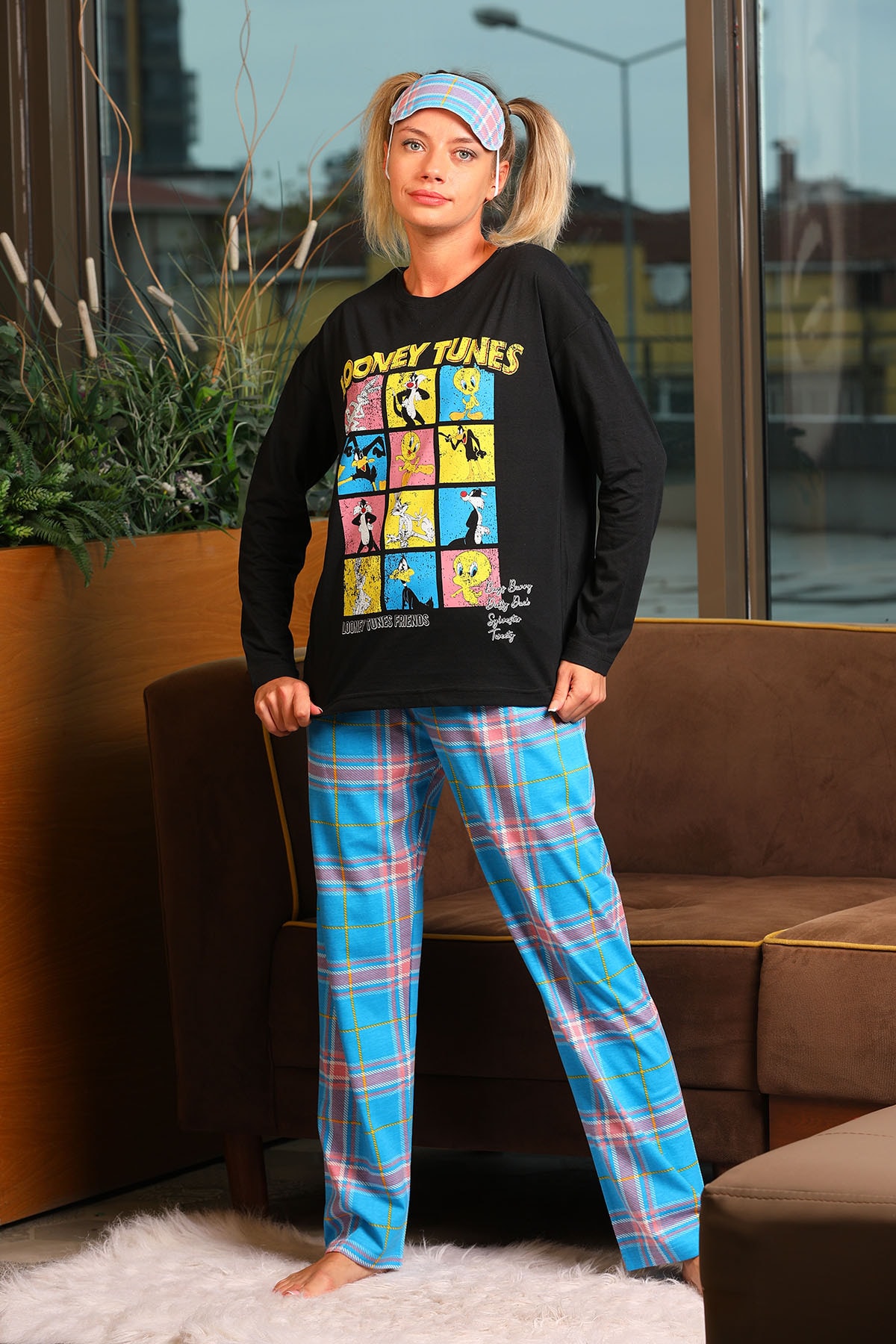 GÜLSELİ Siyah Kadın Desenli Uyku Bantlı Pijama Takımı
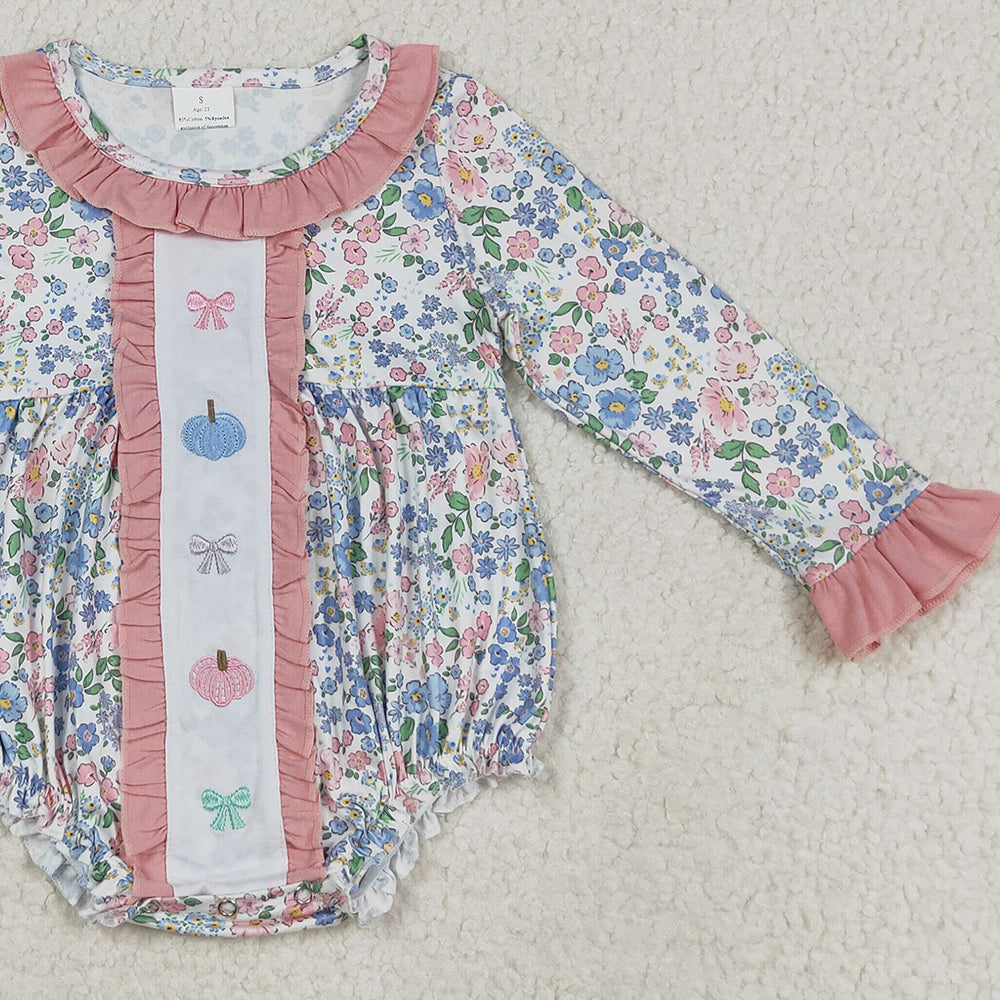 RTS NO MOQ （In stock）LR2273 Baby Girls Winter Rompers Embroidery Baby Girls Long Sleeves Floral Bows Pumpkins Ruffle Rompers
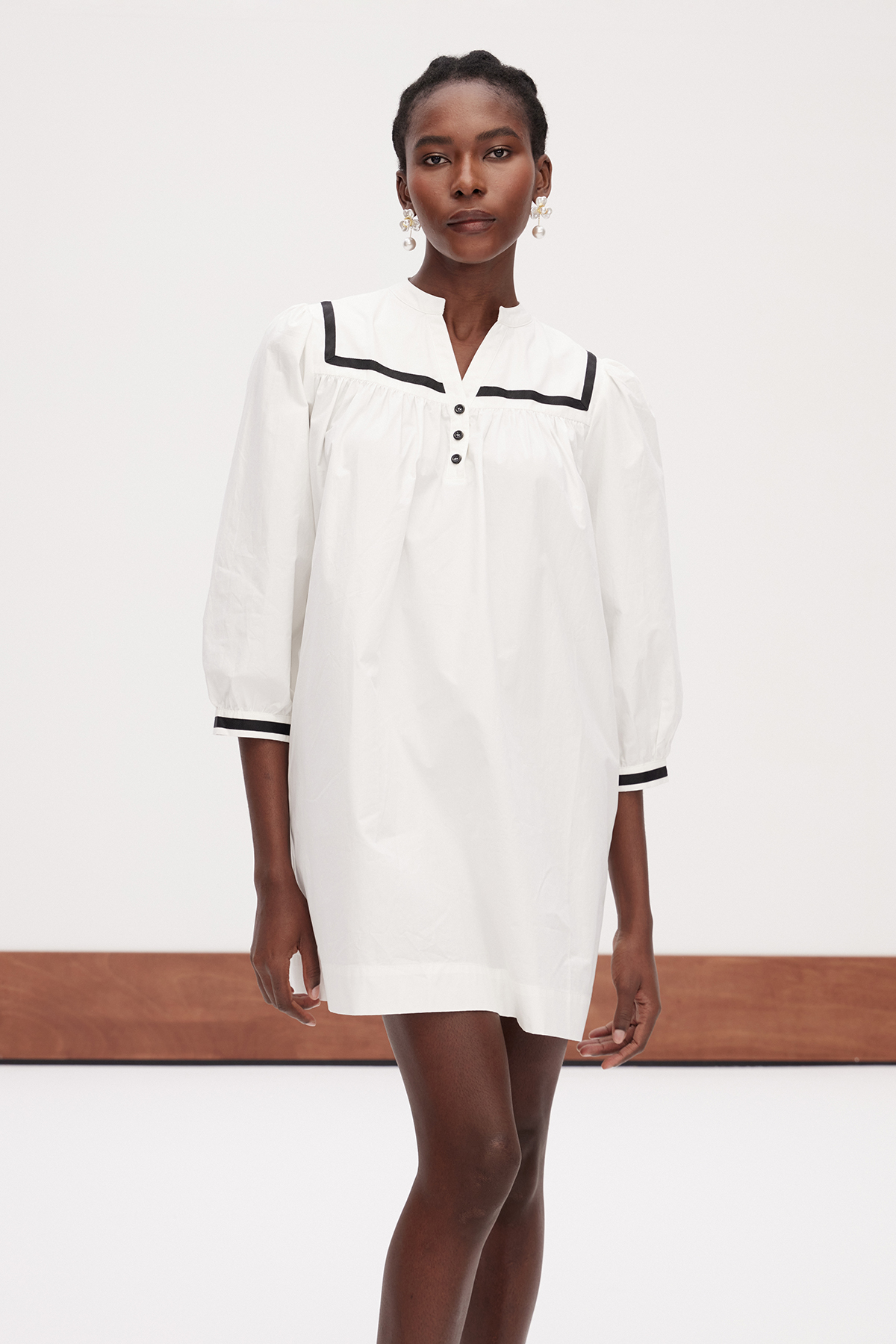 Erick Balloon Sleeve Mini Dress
§
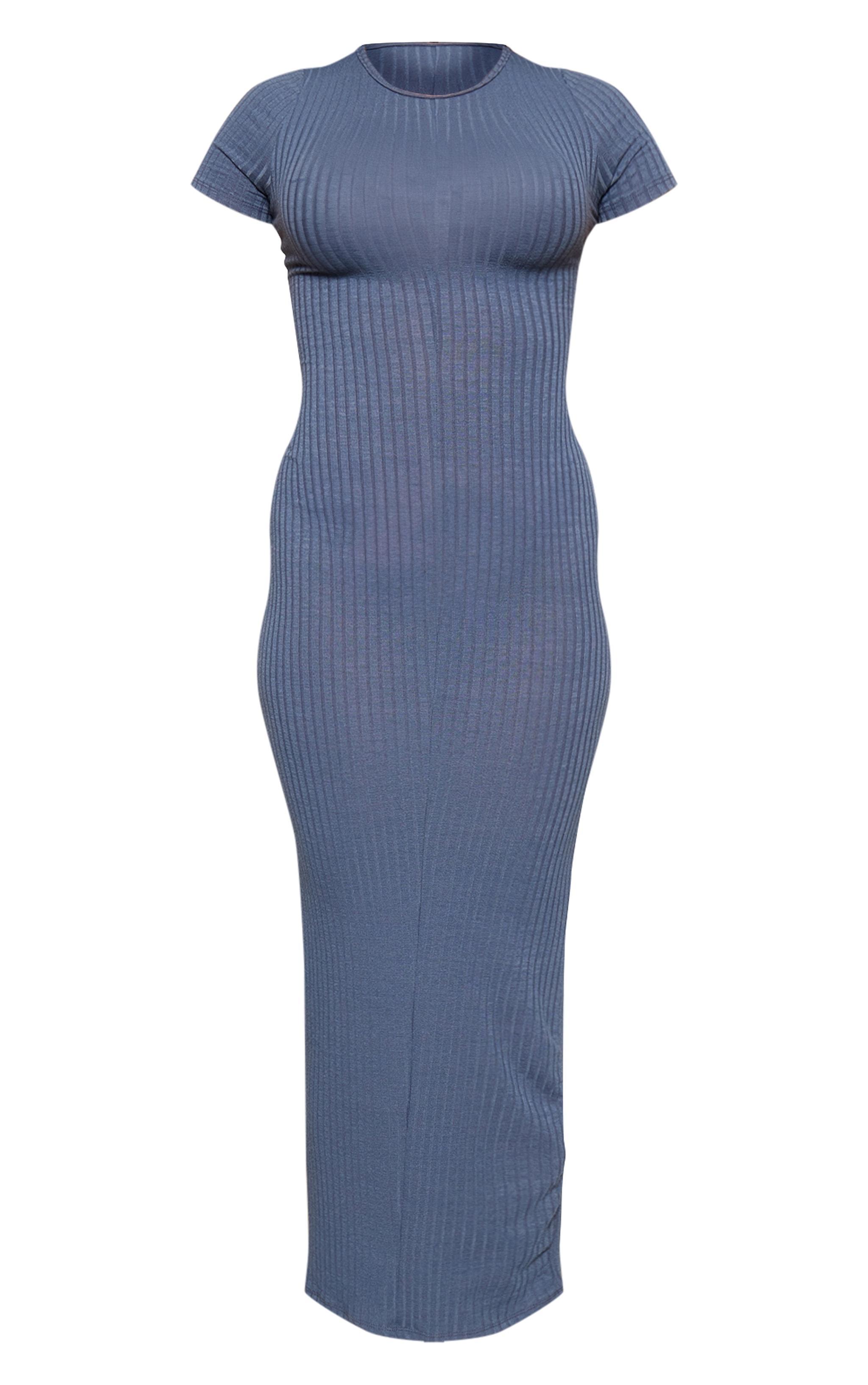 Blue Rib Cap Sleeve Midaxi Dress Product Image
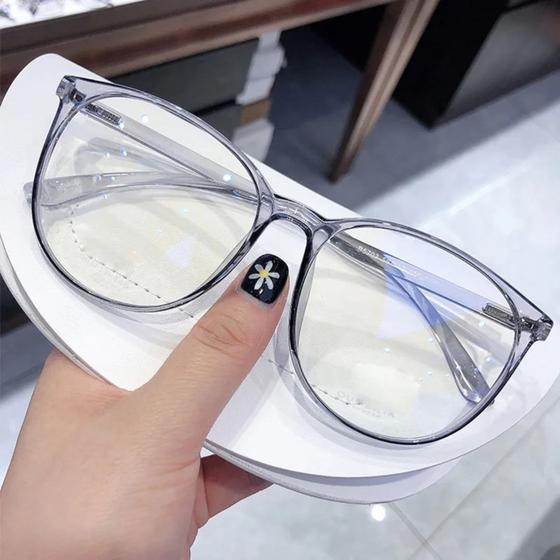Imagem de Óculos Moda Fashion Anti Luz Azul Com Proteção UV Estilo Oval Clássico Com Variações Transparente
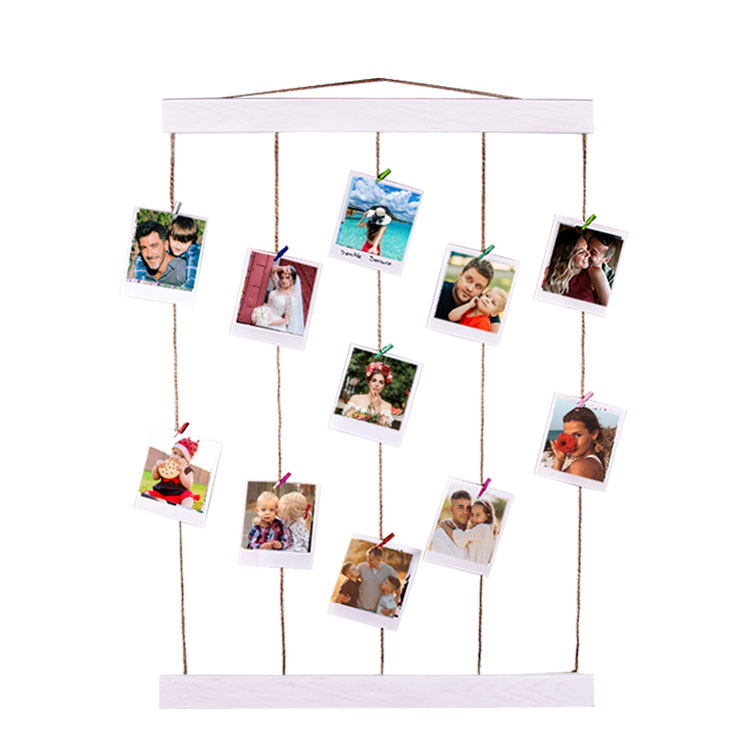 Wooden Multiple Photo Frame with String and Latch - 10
§
What you are asked to do:
An exact copy is needed of the stretch above that opens with the line containing "GÜLSELİ Siyah Kadın" and closes with the line containing "Erick Balloon Sleeve Mini Dress"; the pictures are not part of it.

Output for this exercise:
 GÜLSELİ Siyah Kadın Desenli Uyku Bantlı Pijama Takımı
 RTS NO MOQ （In stock）LR2273 Baby Girls Winter Rompers Embroidery Baby Girls Long Sleeves Floral Bows Pumpkins Ruffle Rompers
 Erick Balloon Sleeve Mini Dress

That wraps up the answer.